Roy S. Herbst, MD, PhD: Immunotherapy has an important role in all aspects of lung cancer, driver or nondriver disease. Certainly, in the patients with no known driver, immunotherapy offers hope that we haven’t seen in many years. We can use this drug in a certain percentage of frontline therapies that are PD-L1-positive—pretty much everyone is getting it now as a second-line therapy. It’s one of the drugs where we’re seeing activity: 20% or more response rates. Certainly, there are populations that benefit more. They’re the patients who are living disease-free for 5 to 6 years. We need to figure out what it is about those patients, and also what is it about those patients who receive immunotherapy for 6 weeks and are already progressing. That’s part of our research at places like Yale—we have a lung support grant that’s trying to figure that out.

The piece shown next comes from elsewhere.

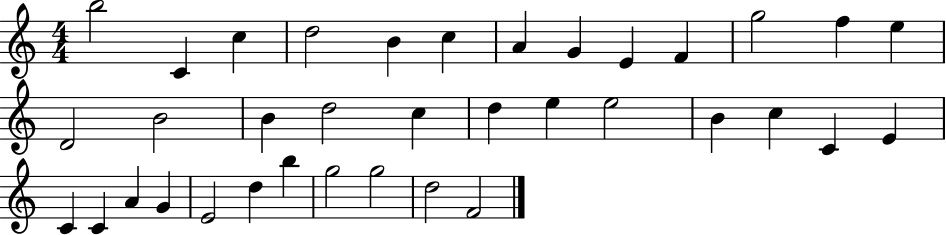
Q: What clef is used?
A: treble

There’s also a big role for immunotherapy in patients with driver mutations, because I’ve treated patients, for example, with EGFR inhibitors since the first clinical trials we did with gefitinib. We called it ZD1839 back then, in 1998, and no one was cured because patients became resistant to these targeted therapies. So, there has got to be a role for these immunotherapies in the patients who become resistant. It has been a bit challenging to incorporate them in, because of combined toxicities of small molecule EGFR inhibitors—especially the newest generation of drugs and these antibodies. But those trials are ongoing, and I think now that we understand how to better manage the toxicities. We will see that in place. There’s a role for immunotherapy across the whole spectrum of advanced non—small cell lung cancer.

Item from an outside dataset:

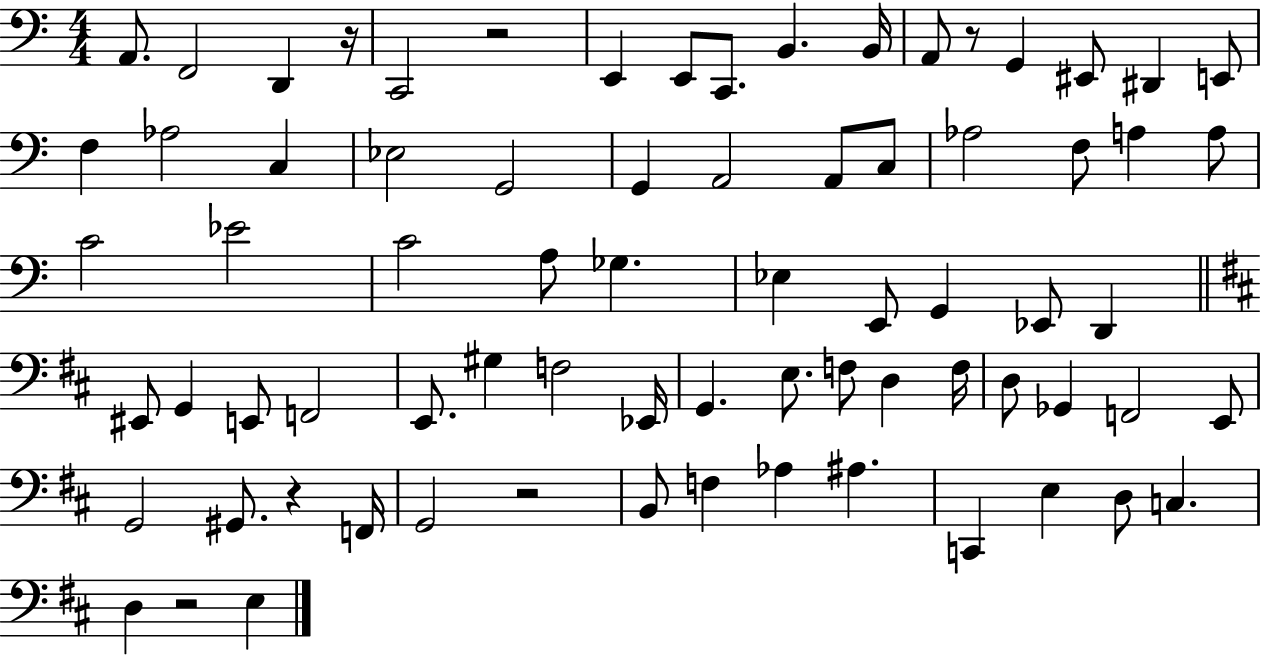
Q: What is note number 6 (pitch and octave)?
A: E2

PD-L1 expression is used in a number of ways. Certainly, if you’re going to use an agent that targets PD-1 or PD-L1 upfront in an untreated lung cancer patient, one would want to use a selected population that’s PD-L1-positive. That’s quite clear based on the KEYNOTE-024 trial showing that, in the patients that are PD-L1-positive at 50%, there’s a survival advantage: a hazard ratio 0.5; a PFS benefit 0.5; and a hazard ratio 0.6 for using pembrolizumab. Interestingly, with nivolumab using a cutoff much lower, that wasn’t seen. So, I think PD-L1 clearly has a role in choosing frontline treatment.

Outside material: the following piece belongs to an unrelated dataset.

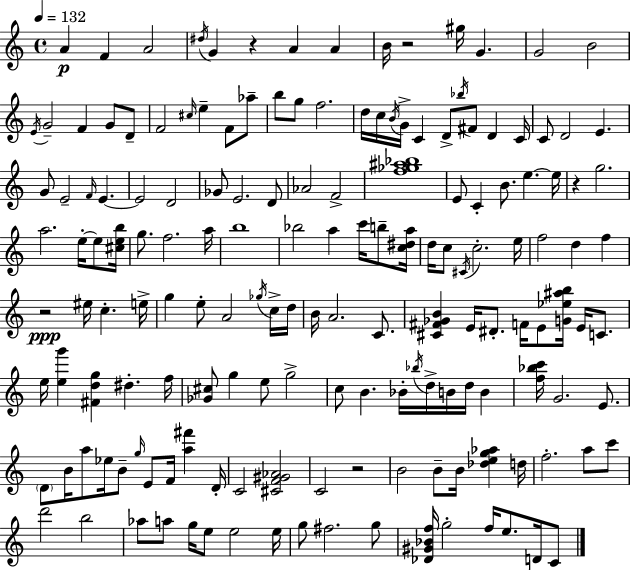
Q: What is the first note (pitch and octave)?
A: A4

As far as using the drug in the second-line setting, given that PD-L1 is a dynamic marker and there’s some heterogeneity, it’s a little less clear. Certainly, in the KEYNOTE-010 trial on which I was the PI, we actually did see that, between the 1% and the 50% cutoffs, there was a clear improvement in the benefit of the pembrolizumab versus docetaxel.
You can use PD-L1 to tell you who’s more likely to benefit, but from the trials with nivolumab and atezolizumab—either one looked at the biomarker, with nivolumab, they looked at it more informally—there did appear to be benefit in the patients who were PD-L1-negative. I think that there are clearly patients who would benefit who are PD-L1-negative, either because it’s a false negative or because there are other mechanisms at play that we don’t understand yet, whether it be mutational load, neoantigen load, gene signatures—meaning what’s going on in the immune microenvironment— how many T cells there are, or what the character of T cells is. So, it’s still a bit of a moving target, but my feeling is that one can use these drugs in all settings.